Rpp29 represses histone H3.3 chromatin assembly. (A) Western blot shows levels of endogenous H3.3 and H3.3-YFP in the HeLa HI 1-1/H3.3-YFP (lane 1) and HeLa HI 1-1 (lane 2) cell lines. (B) Diagram of the steps undertaken in the high-salt extraction and chromatin immunoprecipitation protocols. (C) qRT-PCR and Western blot analysis of Rpp29 mRNA and ATRX protein levels, respectively, in HeLa HI 1-1 cells after shRNA knockdown.
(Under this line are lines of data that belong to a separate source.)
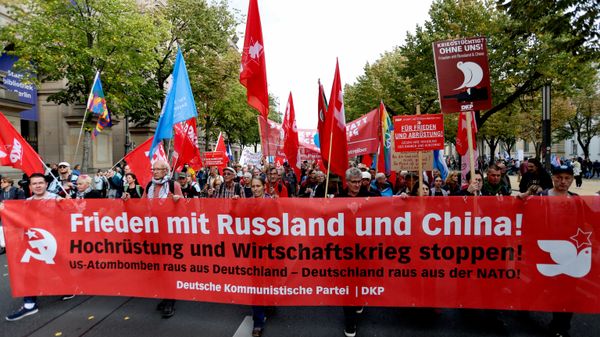Акция протеста  в Берлине против милитаризации Германии - Sputnik Беларусь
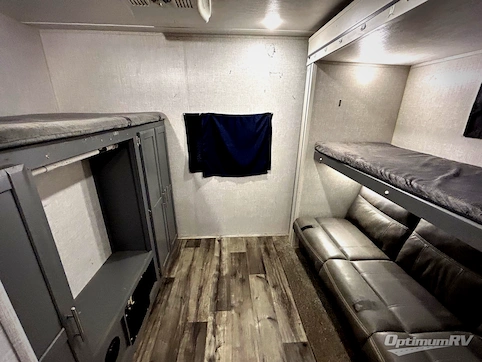 2022 CrossRoads Volante 34BH RV Photo 4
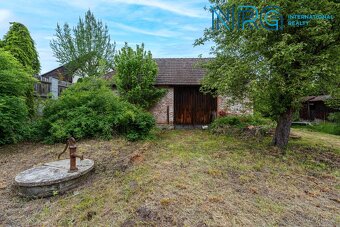 Prodej rodinného domu se stodolou, zahrada 768 m2, Domašín - 2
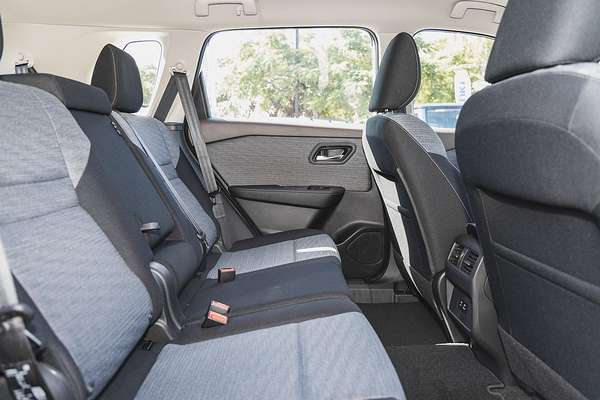 2024 Nissan X-TRAIL ST T33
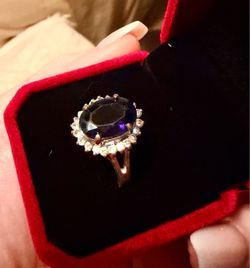Women’s Vintage Blue and White Sapphire Ring Size 8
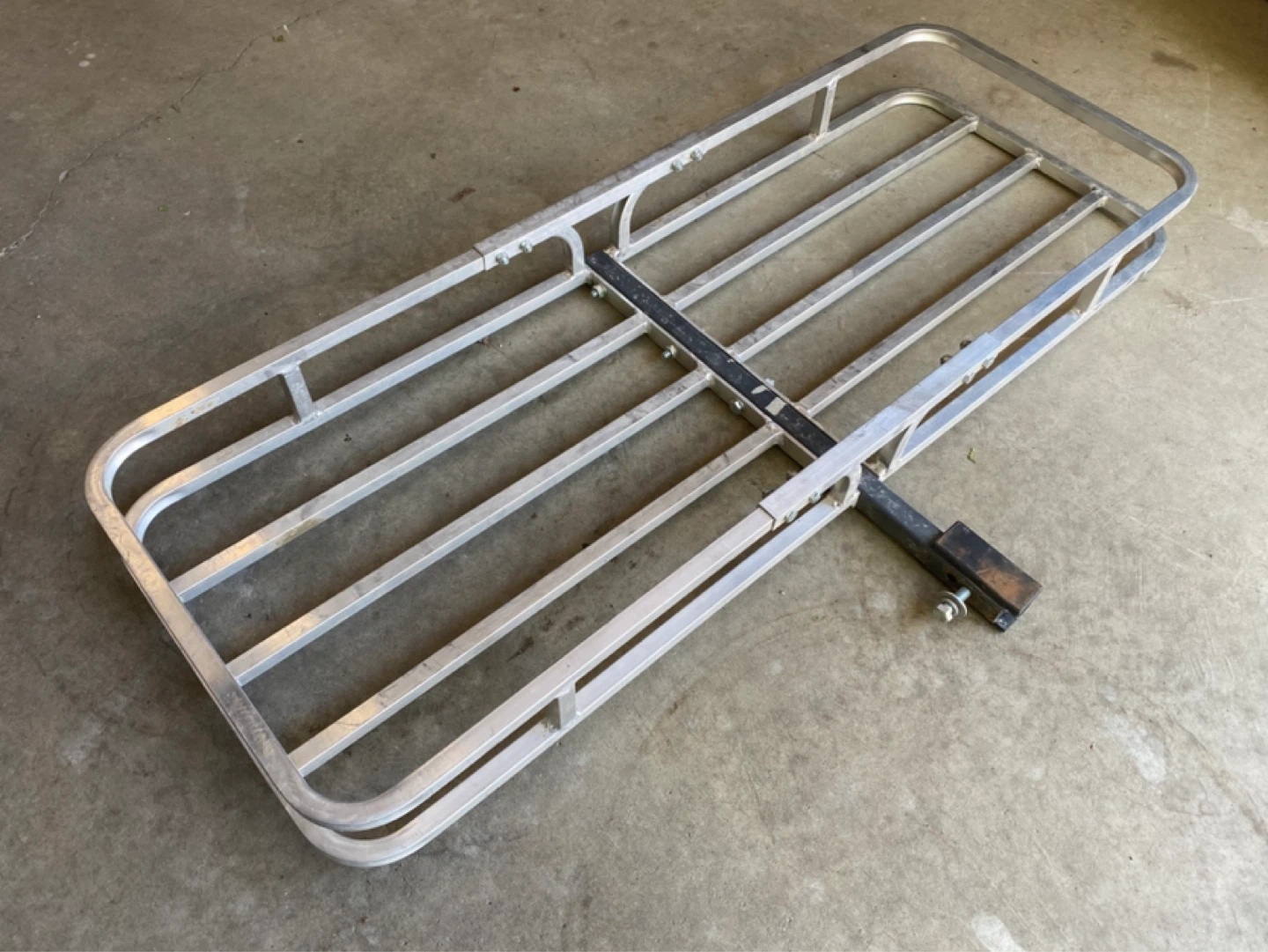 Tow hitch cargo carrier - photo 2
For qRT-PCR, results are the average of three independent experiments. SDs are shown in the form of error bars; p values were calculated using unpaired t test. (D) The transgene diagram shows the location of the primer pairs used for qPCR analysis of the ChIP results in HeLa HI 1-1/H3.3-YFP cells. (E) ChIP analysis of H3.3-YFP incorporation into the transgene array after knockdowns in HeLa HI 1-1/H3.3-YFP cells. Results are the average of at least three independent experiments, and p values were calculated by comparing pLKO.1 (blue bar) to the shRNA data sets using unpaired t test: *p ≤ 0.05 and **p ≤ 0.01. (F) Representative Western blot of high-salt extraction assay showing H3.3-YFP and H3.3 levels detected using anti-GFP and anti-H3.3 antibodies. Graphs show measurements of (I) H3.3-YFP with anti-GFP antibody, (II) H3.3-YFP with anti-H3.3 antibody, and (III) H3.3 with anti-H3.3 antibody. Results are the average of at least three independent experiments, and p values were calculated using unpaired t test: *p ≤ 0.05, **p ≤ 0.01, and ***p ≤ 0.001. (G) ChIP analysis of H3.3-YFP incorporation into the transgene array in HeLa HI 1-1/H3.3-YFP cells after first detergent extracting and vortexing isolated nuclei.

FIGURE 9:

Rpp29 is not required for maintenance of transcriptional silencing. (A) Strand-specific qRT-PCR analysis of sense and antisense transgene RNA levels in inactive and activated HeLa HI 1-1 and U2OS 2-6-3 cells after shRNA knockdown of Rpp29 and ATRX and ICP0 expression. The pLKO.1 vector was used as a control. A primer pair in rabbit β-globin exon 3 was used for PCR. Results are the average of at least three independent experiments. SDs are shown in the form of error bars; p values were calculated using unpaired t test. (B) Graphs of the average FRAP of H3.3-YFP in HeLa HI 1-1/H3.3-YFP cells over the course of 10 min of imaging. ShRNA constructs were expressed for 72 h before photobleaching: control pLKO.1 (n = 14) and Rpp29+ATRX double knockdown (n = 14). (C) Model of Rpp29 function in histone H3.3 chromatin assembly at a DAXX-ATRX–regulated site, showing two steps: 1) H3.3 recruitment through a transcriptional signal that Rpp29 functions to down-regulate, and 2) nucleosomal deposition of H3.3 by DAXX and ATRX.